Managed by nuns in collaboration with the Irish State, these houses welcomed adolescents and young people rejected by their families.. Children born there, considered illegitimate, are often separated from their mothers and abandoned for adoption, severing all ties with their biological families.
The commission was created to shed light on the high level of infant mortality recorded in these former institutions between 1922 and 1998.
Prime Minister Micheál Martin has announced that he will apologize on behalf of the Irish state in the matter., after the Irish Mother and Child Homes Commission of Inquiry found “worrying” levels of infant mortality in these institutions, which operated in this country with a long Catholic tradition until 1998.
The report describes a “dark and shameful chapter in the recent history of Ireland”, said the Prime Minister, and emphasizes the country’s “misogynistic culture” for “several decades”. In particular, Martin pointed out “serious and systematic discrimination against women, in particular those who gave birth outside marriage” in this deeply Catholic country.
The investigation was opened in 2015 following the work of historian Catherine Corless, who said that nearly 800 children born in one of these institutions, the Hogar St Mary of the Sisters of Bon Secours in Tuam, in the west of the country, were buried. in a mass grave between 1925 and 1961.
“We had a completely distorted attitude towards sexuality and intimacy”, a “dysfunction” for which “young mothers and their sons and daughters” in these institutions “were forced to pay a terrible price”, he said.

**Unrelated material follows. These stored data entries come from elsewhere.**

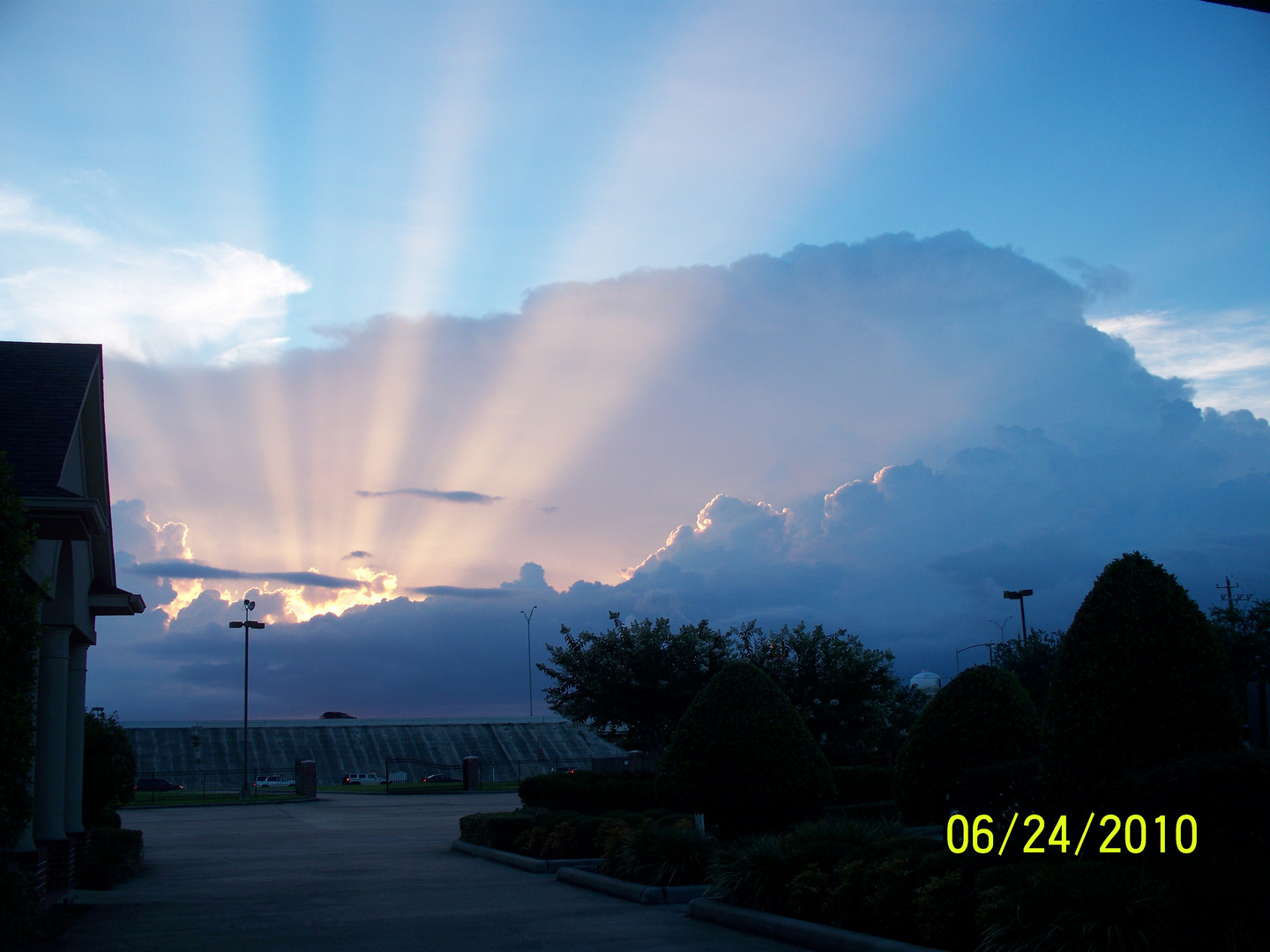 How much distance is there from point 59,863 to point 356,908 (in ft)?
15.4

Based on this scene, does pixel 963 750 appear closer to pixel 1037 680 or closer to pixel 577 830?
pixel 577 830

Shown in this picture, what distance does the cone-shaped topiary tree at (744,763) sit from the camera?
1378 cm

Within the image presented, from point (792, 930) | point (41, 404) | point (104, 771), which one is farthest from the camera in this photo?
point (104, 771)

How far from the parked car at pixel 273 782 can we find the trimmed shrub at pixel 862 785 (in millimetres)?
45762

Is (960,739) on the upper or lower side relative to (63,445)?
lower

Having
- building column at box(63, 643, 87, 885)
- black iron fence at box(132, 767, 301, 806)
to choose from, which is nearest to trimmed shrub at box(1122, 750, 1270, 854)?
building column at box(63, 643, 87, 885)

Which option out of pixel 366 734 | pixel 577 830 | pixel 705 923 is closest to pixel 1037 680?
pixel 366 734

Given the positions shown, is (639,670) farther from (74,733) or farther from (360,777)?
(360,777)

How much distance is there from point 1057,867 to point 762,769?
241 inches

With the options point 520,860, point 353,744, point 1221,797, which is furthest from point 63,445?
point 353,744

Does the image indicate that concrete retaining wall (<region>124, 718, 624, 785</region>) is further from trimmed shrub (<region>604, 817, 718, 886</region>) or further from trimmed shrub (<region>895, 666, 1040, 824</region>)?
trimmed shrub (<region>895, 666, 1040, 824</region>)

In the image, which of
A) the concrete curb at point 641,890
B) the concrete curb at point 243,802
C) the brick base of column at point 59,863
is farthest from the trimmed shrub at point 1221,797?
the concrete curb at point 243,802

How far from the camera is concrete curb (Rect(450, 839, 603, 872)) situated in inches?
631

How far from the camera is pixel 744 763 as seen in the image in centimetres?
1380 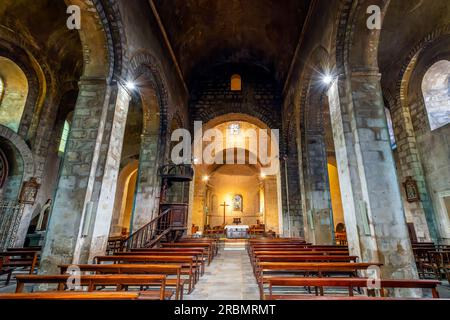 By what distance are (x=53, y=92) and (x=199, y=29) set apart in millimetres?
6815

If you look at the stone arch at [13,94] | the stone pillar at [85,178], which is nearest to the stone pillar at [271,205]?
the stone pillar at [85,178]

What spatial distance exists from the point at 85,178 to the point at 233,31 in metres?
9.46

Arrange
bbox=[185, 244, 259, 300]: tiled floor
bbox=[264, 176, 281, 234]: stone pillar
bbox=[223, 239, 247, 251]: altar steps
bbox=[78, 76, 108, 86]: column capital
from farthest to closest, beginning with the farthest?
bbox=[264, 176, 281, 234]: stone pillar < bbox=[223, 239, 247, 251]: altar steps < bbox=[78, 76, 108, 86]: column capital < bbox=[185, 244, 259, 300]: tiled floor

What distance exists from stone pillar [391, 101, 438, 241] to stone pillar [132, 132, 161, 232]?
30.4 feet

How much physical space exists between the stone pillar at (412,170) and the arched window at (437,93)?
0.70 meters

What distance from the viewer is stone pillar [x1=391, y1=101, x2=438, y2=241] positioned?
7.48m

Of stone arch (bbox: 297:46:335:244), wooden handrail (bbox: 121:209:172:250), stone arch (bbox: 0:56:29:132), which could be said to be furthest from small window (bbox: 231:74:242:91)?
stone arch (bbox: 0:56:29:132)

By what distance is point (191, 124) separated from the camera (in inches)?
458

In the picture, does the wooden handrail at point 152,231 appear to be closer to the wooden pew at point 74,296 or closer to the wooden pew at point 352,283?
the wooden pew at point 74,296

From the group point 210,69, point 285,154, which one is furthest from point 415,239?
point 210,69

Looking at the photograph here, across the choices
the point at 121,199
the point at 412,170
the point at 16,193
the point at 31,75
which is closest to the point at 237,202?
the point at 121,199

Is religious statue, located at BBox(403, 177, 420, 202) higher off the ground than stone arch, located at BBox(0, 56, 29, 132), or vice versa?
stone arch, located at BBox(0, 56, 29, 132)

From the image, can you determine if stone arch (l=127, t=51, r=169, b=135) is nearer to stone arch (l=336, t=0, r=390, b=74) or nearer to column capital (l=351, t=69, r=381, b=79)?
stone arch (l=336, t=0, r=390, b=74)

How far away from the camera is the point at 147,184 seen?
25.8 feet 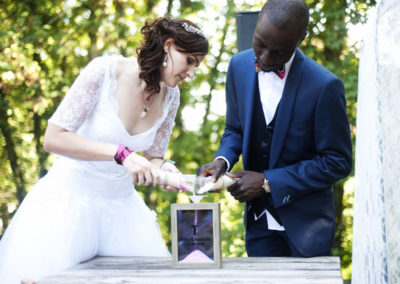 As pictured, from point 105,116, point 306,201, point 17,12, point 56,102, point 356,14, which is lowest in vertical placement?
point 306,201

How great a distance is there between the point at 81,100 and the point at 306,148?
1093 millimetres

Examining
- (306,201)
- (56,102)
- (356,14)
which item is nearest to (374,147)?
(306,201)

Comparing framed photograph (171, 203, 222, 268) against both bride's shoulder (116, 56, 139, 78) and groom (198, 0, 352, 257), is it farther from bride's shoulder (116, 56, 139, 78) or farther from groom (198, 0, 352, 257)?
bride's shoulder (116, 56, 139, 78)

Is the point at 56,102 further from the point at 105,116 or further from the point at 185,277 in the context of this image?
the point at 185,277

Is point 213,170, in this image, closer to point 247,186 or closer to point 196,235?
point 247,186

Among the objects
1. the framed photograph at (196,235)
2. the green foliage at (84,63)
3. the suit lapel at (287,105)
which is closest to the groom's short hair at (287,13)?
the suit lapel at (287,105)

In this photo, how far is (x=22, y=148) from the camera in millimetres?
6520

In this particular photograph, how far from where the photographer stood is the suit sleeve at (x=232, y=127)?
2.50m

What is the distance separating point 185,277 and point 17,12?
4979mm

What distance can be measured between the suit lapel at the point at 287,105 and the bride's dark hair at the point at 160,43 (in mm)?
499

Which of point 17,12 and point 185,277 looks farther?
point 17,12

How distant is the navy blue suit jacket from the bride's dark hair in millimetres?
317

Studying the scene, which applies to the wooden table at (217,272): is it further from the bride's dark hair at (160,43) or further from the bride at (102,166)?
the bride's dark hair at (160,43)

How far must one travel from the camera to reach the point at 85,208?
2.52 metres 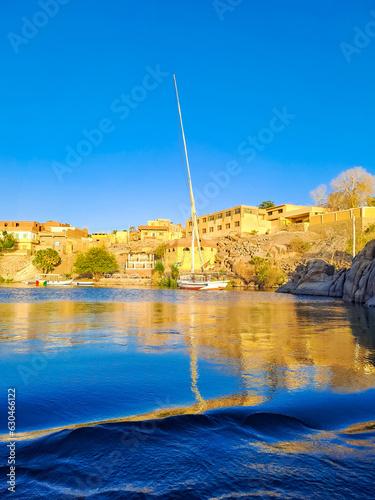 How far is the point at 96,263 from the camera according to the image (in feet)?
275

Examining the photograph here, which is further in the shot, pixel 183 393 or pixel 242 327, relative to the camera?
pixel 242 327

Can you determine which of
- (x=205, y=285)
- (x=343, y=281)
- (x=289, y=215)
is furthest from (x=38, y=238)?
(x=343, y=281)

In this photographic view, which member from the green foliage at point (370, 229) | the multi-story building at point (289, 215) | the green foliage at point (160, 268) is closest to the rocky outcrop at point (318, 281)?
the green foliage at point (370, 229)

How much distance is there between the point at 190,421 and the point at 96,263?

For its part, Irish Minister for Children, Roderic O’Gorman, said: “It is hard to imagine the scale of the tragedy and the pain behind the figure of 9,000 children and babies”. +
The figure of 9,000 deaths represents 15% of the 57,000 children who have passed through these establishments during the 76 years examined by the commission of inquiry.
The investigation was opened in 2015 following the work of historian Catherine Corless, who said that nearly 800 children born in one of these institutions, the Hogar St Mary of the Sisters of Bon Secours in Tuam, in the west of the country, were buried. in a mass grave between 1925 and 1961.
“All of society was an accomplice“, declared the head of government.